- Founded: 1922
- Preceded by: ŻPS
- Ideology: Socialism Bundism
- Political position: Left-wing

= General Jewish Labour Bund in Romania =

1929 Romanian Bund poster, announcing a public meeting with Henryk Ehrlich as guest speaker

The General Jewish Labour Bund in Romania (אלגעמײַנער ײדישער ארבעטער בונד אין רומעניע, Uniunea generală a muncitorilor evrei „Bund” în România) was a Jewish socialist party in Romania, adhering to the political line of the General Jewish Labour Bund. Founded in 1922, shortly after the establishment of Greater Romania, it united Jewish socialists in Bukovina, Bessarabia and the Romanian Old Kingdom. Standing for the lay wing of the Jewish representative movement, the Romanian Bund had atheistic leanings and offered an alternative to the mainstream Jewish organization. Like other Bundist groups, but unlike the Marxist-inspired Poale Zion bodies of Bessarabia, it rejected Zionism.

==History==
In 1922 the Bundists of Bukovina (who had belonged to the Jewish Social Democratic Party in Austria-Hungary) decided to approach the Jewish socialists from the Old Kingdom and Bessarabia and propose a unification. The General Jewish Labour Bund in Romania was founded at a conference in Cernăuţi (now Chernivtsi, Ukraine) on January 6–7, 1923. At the founding conference there were four delegates from the Old Kingdom, three from Bessarabia and from Bukovina there were delegates from Cernăuţi, Rădăuţi, Suceava, Siret and Storojineţ. Soon after the founding of the party, a support organization was founded in the United States, called the Gross Rumänische Arbeiter Liga ("Greater Romanian Workers League").
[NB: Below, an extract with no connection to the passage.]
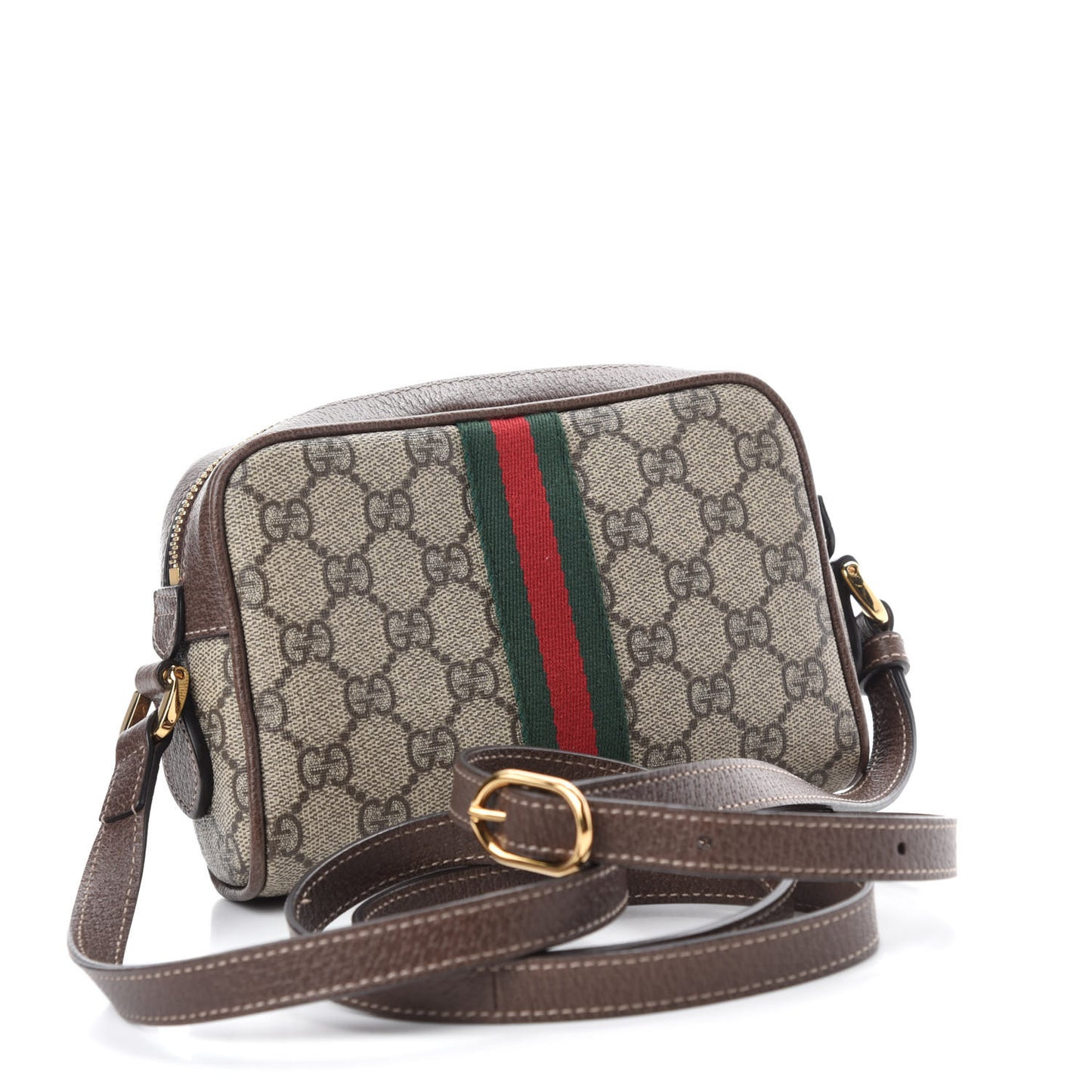 GG Supreme Monogram Web Mini Ophidia Shoulder Bag Brown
During the interwar period, the General Jewish Labour Bund stood as one of several small organizations which represented the enlarged Jewish community of Greater Romania, covering the ground between the right-wing representatives of Jewish nationalism and the far left. The party had its main strength in Bessarabia, and to a lesser extent in Bukovina. Well represented at kehilla elections in the Bessarabian city of Chişinău, it lacked political presence in Transylvania. The party had a strong influence in the Yiddish school movement in Bessarabia, but was in competition over political support with the Zionists at Poale Zion and the Agudat Yisrael of Haredi Jews. The Bessarabian branch had also links with the Soviet Communist Party. Bukovina, the Bund was secondary to the Jewish Autonomist movement led by Benno Straucher and his Jewish National People's Party.
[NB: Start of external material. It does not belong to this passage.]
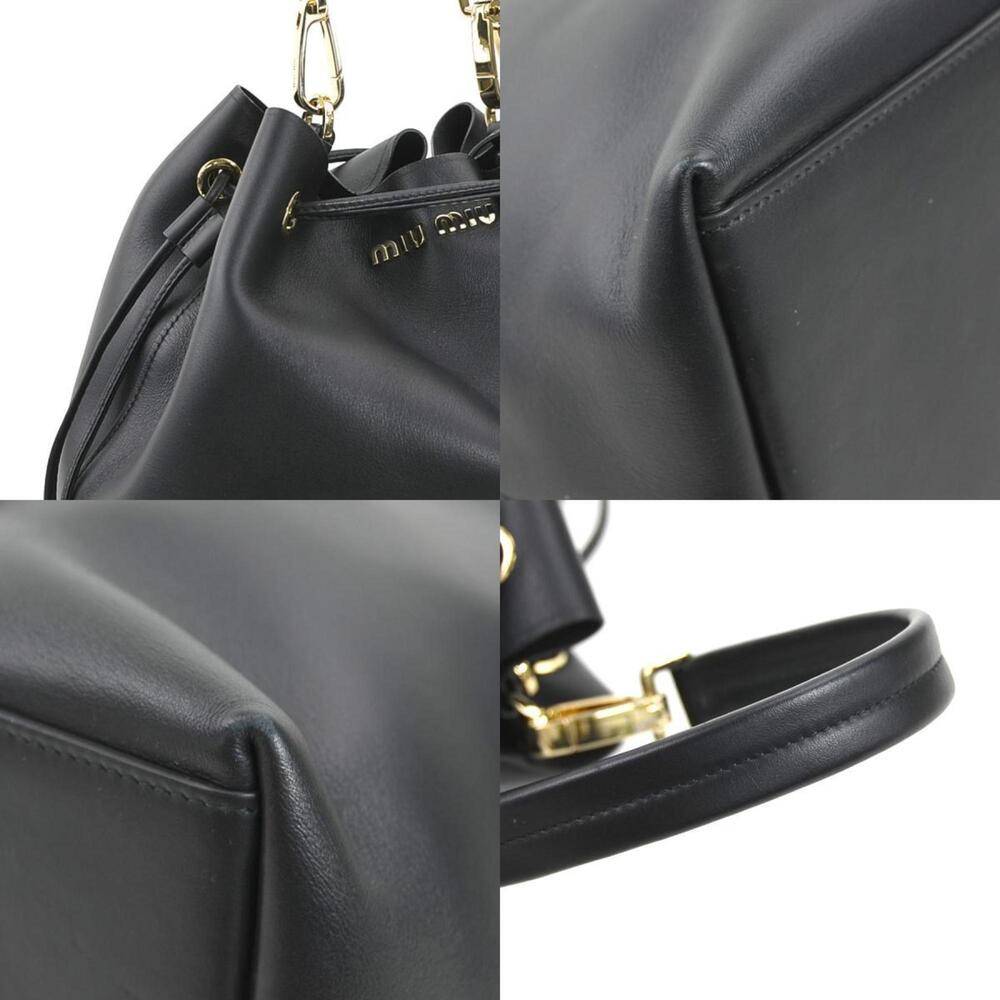 Miu Miu Miu handbag shoulder bag leather black ladies h30931g - Picture 4 of 5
At the 1922 Senate election in Czernowitz, the Bundist Leon Gheller, standing for the Romanian Social Democratic Party, was defeated by 1,991 votes to 3,800 for Salo Weisselberger. The seat was beforehand occupied by another Social Democrat, George Grigorovici.

Another (former) Bundist, Litman Ghelerter, led to the creation in July 1928 with Ștefan Voitec of a splinter group from the Romanian Social Democratic Party, the Socialist Workers Party of Romania (PSMR).
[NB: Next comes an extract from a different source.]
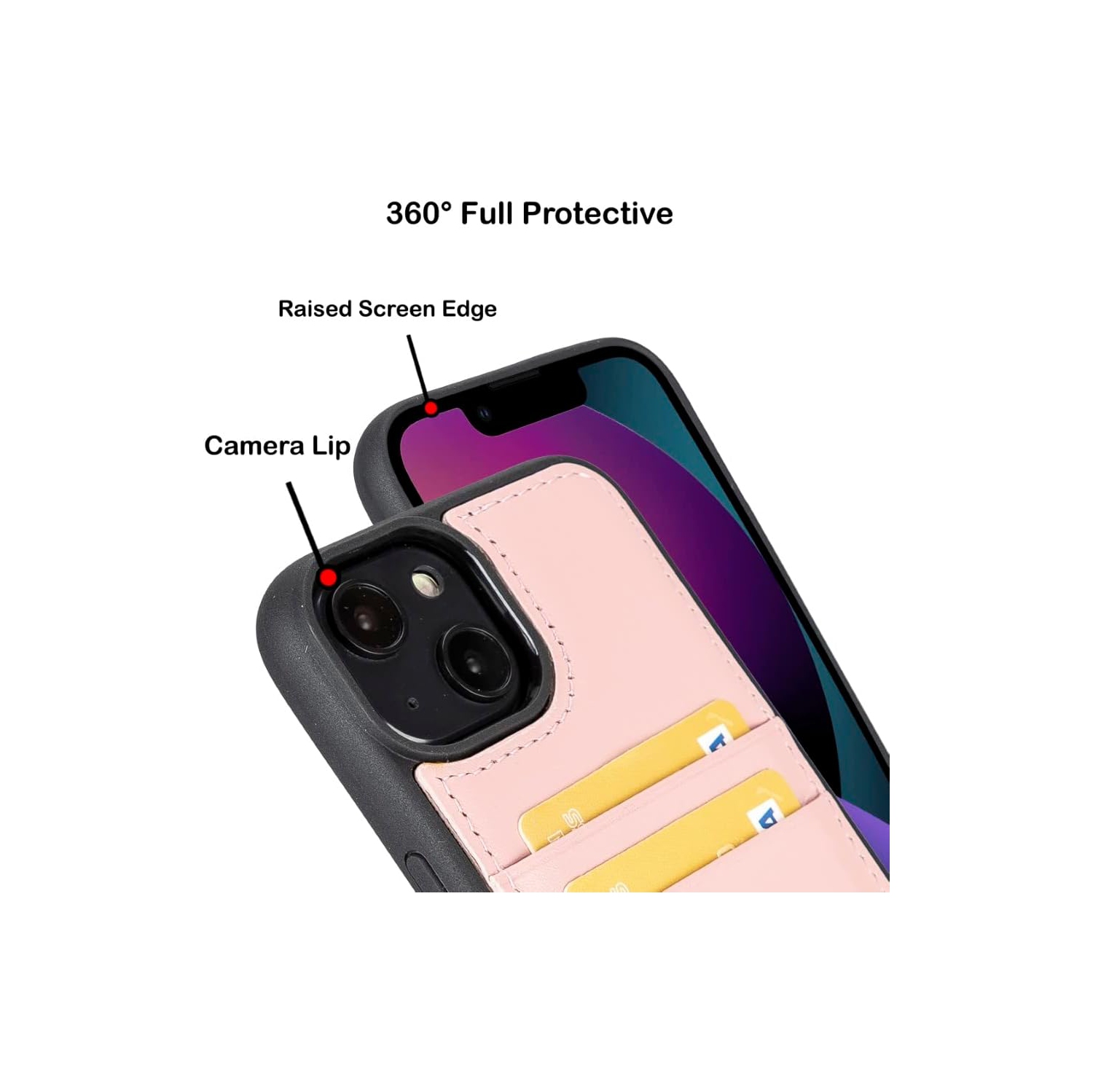 for iPhone 14 Case Leather Cover with Card Holder 2 Slots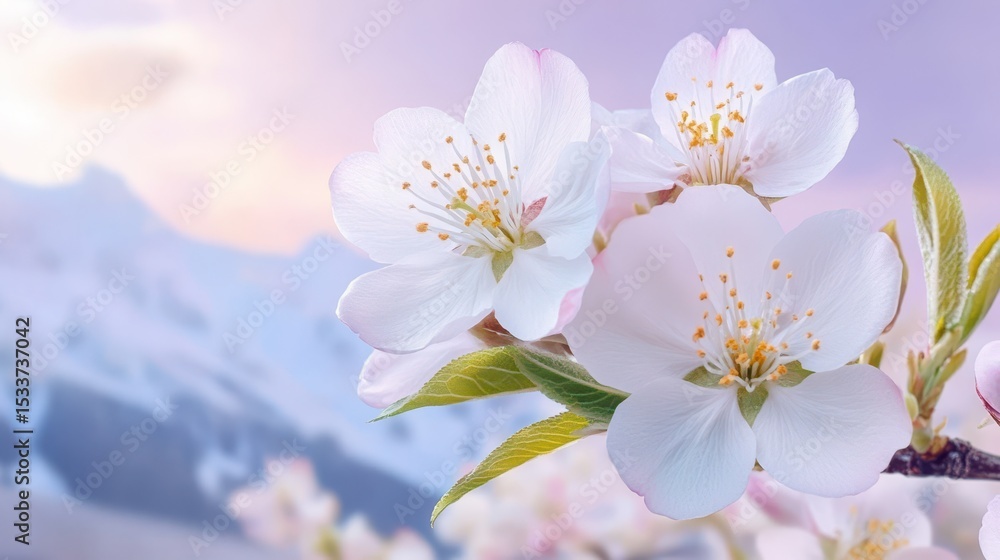 Obraz premium Cherry Blossom Dreamscape: Delicate cherry blossoms bloom in a soft-focus embrace against a stunning mountainous backdrop. This idyllic scene evokes tranquility and natural beauty.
The party had limited electoral success. Only in 1932 a Bundist entered the Parliament of Romania: Joseph Kissmann, who was elected in Northern Bessarabia.

Although it survived the disappearance of its Russian mother party (persecuted by the Soviet authorities after 1920), the General Jewish Labour Bund of Romania itself ceased to function at the time of the Second World War.